» **Problem statement**: The reply should hold nothing except the lines from the one with "ABJJ 40 szt." through the end of the entries, duplicated exactly and with no pictures.
-- Exercise material follows --
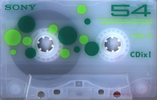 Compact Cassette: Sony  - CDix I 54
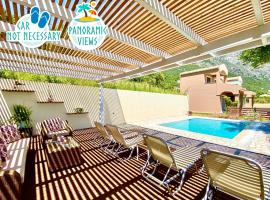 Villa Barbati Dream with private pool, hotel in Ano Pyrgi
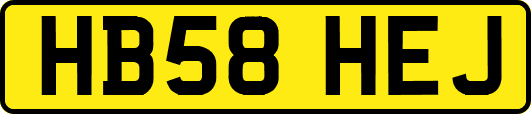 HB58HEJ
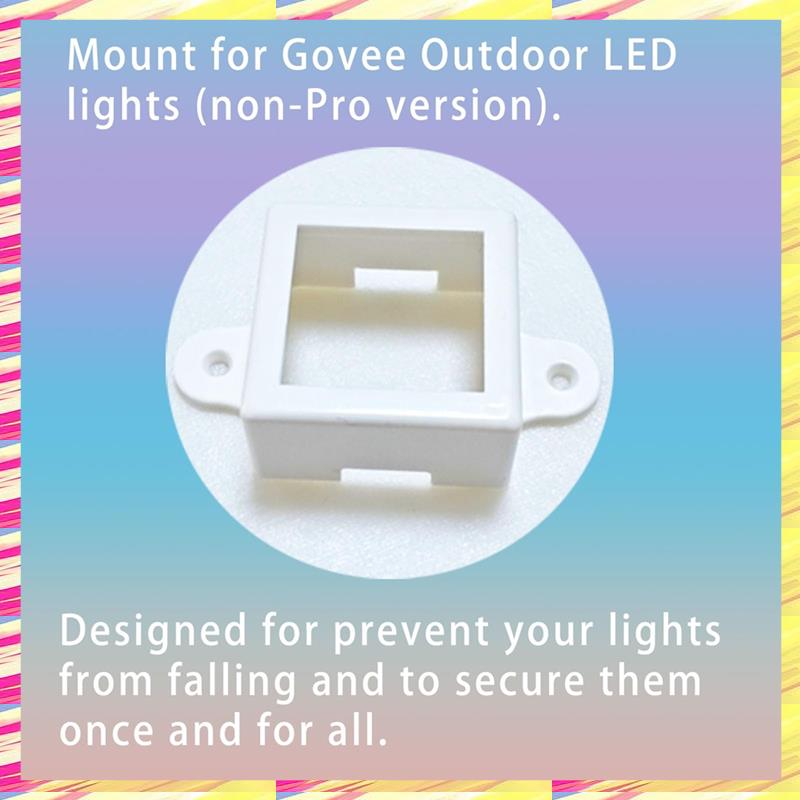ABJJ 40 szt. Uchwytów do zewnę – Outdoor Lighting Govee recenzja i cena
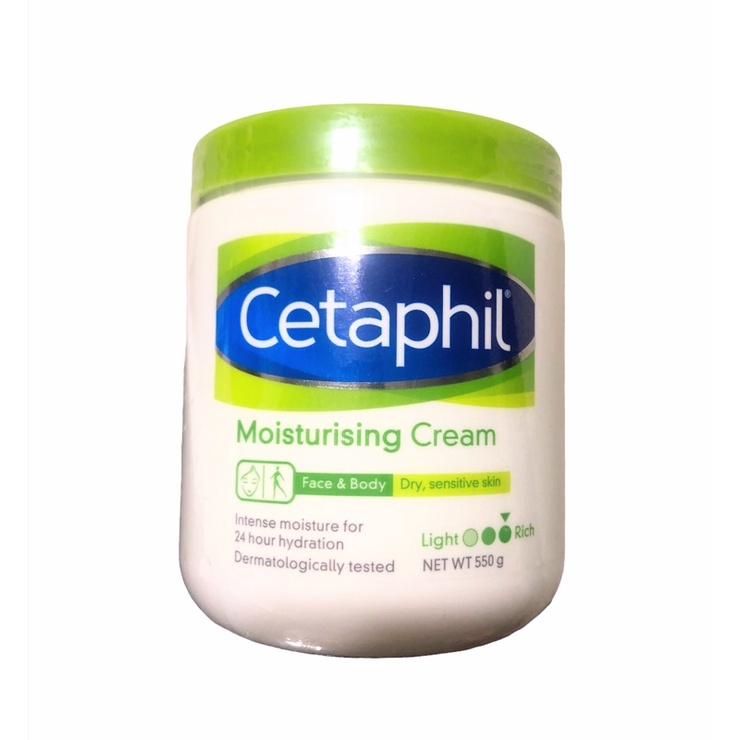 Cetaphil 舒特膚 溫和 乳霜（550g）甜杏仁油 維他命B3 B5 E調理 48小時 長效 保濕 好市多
-- Exercise material concluded --
» **Output of the exercise**:
ABJJ 40 szt. Uchwytów do zewnę – Outdoor Lighting Govee recenzja i cena
 Cetaphil 舒特膚 溫和 乳霜（550g）甜杏仁油 維他命B3 B5 E調理 48小時 長效 保濕 好市多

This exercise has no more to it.